Tal faculdade está relacionada ao que se denomina memória motora, um termo chave que descreve uma gama comportamental bastante ampla, daí a necessidade de se estabelecer um contorno conceitual.

De acordo com os neurocientistas Squire e Kandel existem diversos níveis de memória:
Nível 1 — Memória Declarativa ou explícita: Todo o tipo de evento memorizado que pode ser verbalizado, ou seja, traduzido em palavras.

Pode ser subdividida em memória semântica ou episódica.

Será denominada episódica quando relacionada aos eventos que podem ser verbalizados num contexto histórico, numa dada linha de tempo. Por exemplo uma narrativa sobre o dia de seu casamento, sobre um filme que você assistiu, etc.

Em contrapartida será denomina semântica quando se reportar aos conceitos memorizados, tais como o significado das palavras e a explicação do mundo das coisas.

Nível 2 — Memória Não-declarativa ou implícita: Todo o tipo de registro em nossa memória que não pode ser verbalizado.  Tais como as habilidades motoras e as emoções.
No primeiro caso tempos a memória implícita associativa relacionada a aquisição e alteração de habilidades cinestésico-corporais. Nas quais estão associadas a percepção e a motricidade.

É exatamente nesse estágio que atua o aprendizado de novos gestos e a evolução de tais competências, ligadas ao reflexo, aos sistemas perceptivos e também à própria motricidade.

A palavra chave para a aquisição e evolução desse tipo de memória é a repetição.

Os pesquisadores observaram que o reforço promovido pela repetição promove uma variação de gradiente de RNA no citoplasma dos neurônicos, distribuídos por todo o cérebro e também pelo tubo neuronal.

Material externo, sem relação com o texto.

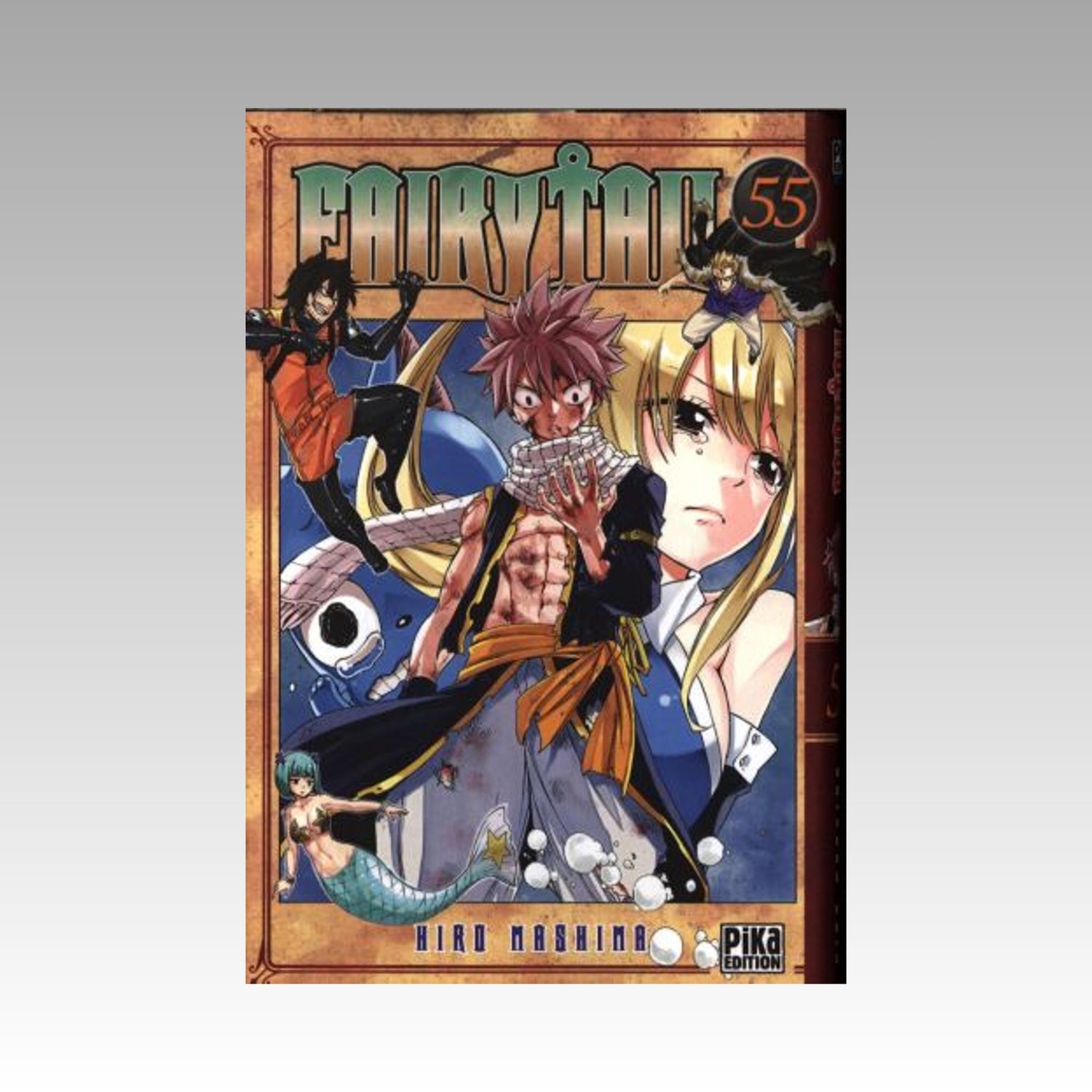 Fairy Tail. Tome 55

Essa alteração é apenas um dos fatores do acesso espontâneo da habilidade adquirida.

O que é denominado “mecanização”, ou seja, aquela habilidade que não precisa ser “pensada” para ser utilizada.

É pela repetição que tal reforço é conquistado. Daí a necessidade de praticar para adquirir e fazer evoluir essas habilidades cinestésico-corporais.

Quando se aprende a andar de bicicleta, a harmonização de todos os “movimentos encadeados” característicos de tais competências tais como percepção, equilíbrio, decisão e motricidade se dão num plano espontâneo no qual você se equilibra na bicicleta, por exemplo, sem precisar “pensar” para isso. E é algo que não pode ser verbalizado.

Mesmo com o abandono da prática diária um certo gradiente de RNA permanece, como um marcador de registro. E isso foi conquistado devido ao reforço criado pela repetição.

Assim, fica fácil retomar à prática, anos mais tarde sem os deslizes naturais cometidos por um iniciante.

Aliado a esses fatores cognitivos e neurológicos, existe também a própria memória muscular.

Alguns pesquisadores acreditam que com a hipertrofia muscular conquistada por meio da prática até certo ponto repetitiva de determinado movimento promove o aumento do número de núcleos celulares no próprio tecido muscular.

Mesmo com a perda de massa muscular promovida pela atrofia decorrente do abandono de tal prática, não se observa uma retração desse número de núcleos celulares aos valores de um iniciante.

Novamente o RNA está relacionado à ação dessas células polinucleadas e o trânsito de energia de célula a célica que é capaz de favorecer a execução dos movimentos previamente aprendidos.

Embora esse mecanismo não esteja totalmente elucidado, muitas pesquisas apontam para que essa seja a chave da transformação da memória de curto prazo (que apresenta natureza elétrica) em memória de longo prazo (que possui natureza molecular).

Grosso modo, tais mecanismos de transformação estariam relacionados à variação de concentração de diversas substâncias no corpo químico de cada célula e que se daria principalmente durante o sono. O RNA seria apenas uma delas.

Numa indução podemos concluir que aquilo que ocorre com a mente ocorre também com o corpo como um todo.

Movimentos mentais ou físicos repetidos de forma inteligente, ou seja, fundamentados em uma metodologia adequada leva a um aprendizado que pode perdurar por toda a vida.

Sem dúvida uma vantagem evolutiva:

Não esquecer o que aprendemos no plano físico ou mental nos protege de repetir os mesmos erros.